The vents can be opened with a little stick attached to a little piece of Velcro. Both vents do a great job with minimizing condensation. If wind conditions allow , I would always pitch the tent as high as possible. This also helps with air flow and minimizes condensation. I got a little bit of moisture build up, which is normal and can be easily wiped off with a cloth.

The value of the Illusion solo tent is exceptional. The tent is handmade in Ukraine and the craftsmanship is top-notch. The tent did not have a single loose thread and stitching is flawless. As I mentioned before, SilPoly needs to be of good quality in order to outperform SilNylon, which is more readily available in good quality than SilPoly. Considering all that, for the price, value is outstanding.
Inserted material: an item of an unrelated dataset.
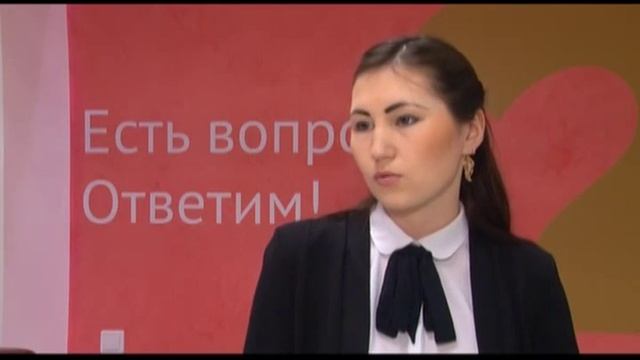 Права теперь можно получить не только в ГИБДД смотреть онлайн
I really enjoyed using the Illusion Solo. Its ease of setup, high quality materials and great craftsmanship make it an excellent choice for ultralight backpacking, fast-packing and bike-packing. 

It’s small pack size and lightweight makes it also great for fast-packing. It easily fits into a usual 28l fast-packing pack. I also used it in light winter conditions, so I can definitely recommend it for full 3 season use. See the link below, if you are interested in the tent. Liteway also contributes from their sales to humanitarian and medical aid to the destroyed cities of Ukraine.

Tester Profile

Markus Zinkl: I’m 33 years old and live in a small village in Bavaria, Germany. I started hiking and backpacking 5-6 years ago. Coming from trail running and with light and fast in mind, I started with ultralight gear. Over the years I tried and tested a lot of gear, always in search of weight savings. Although still trying to stay out of the ultralight rabbit hole. I spend most of my days off from work on the trail, with at least one 2-3 week thru-hike. Among the more well known trails I have hiked over the last two years are the GR221, WHR (Walker’s Haute Route), TMB (Tour du Mont Blanc) and TC (Tour du Cervin-Matterhorn). As you probably notice by now, I’m at home in the mountains. So if I’m not running or thru-hiking a bigger trail, I’m probably somewhere in the Alps checking out some shorter trails.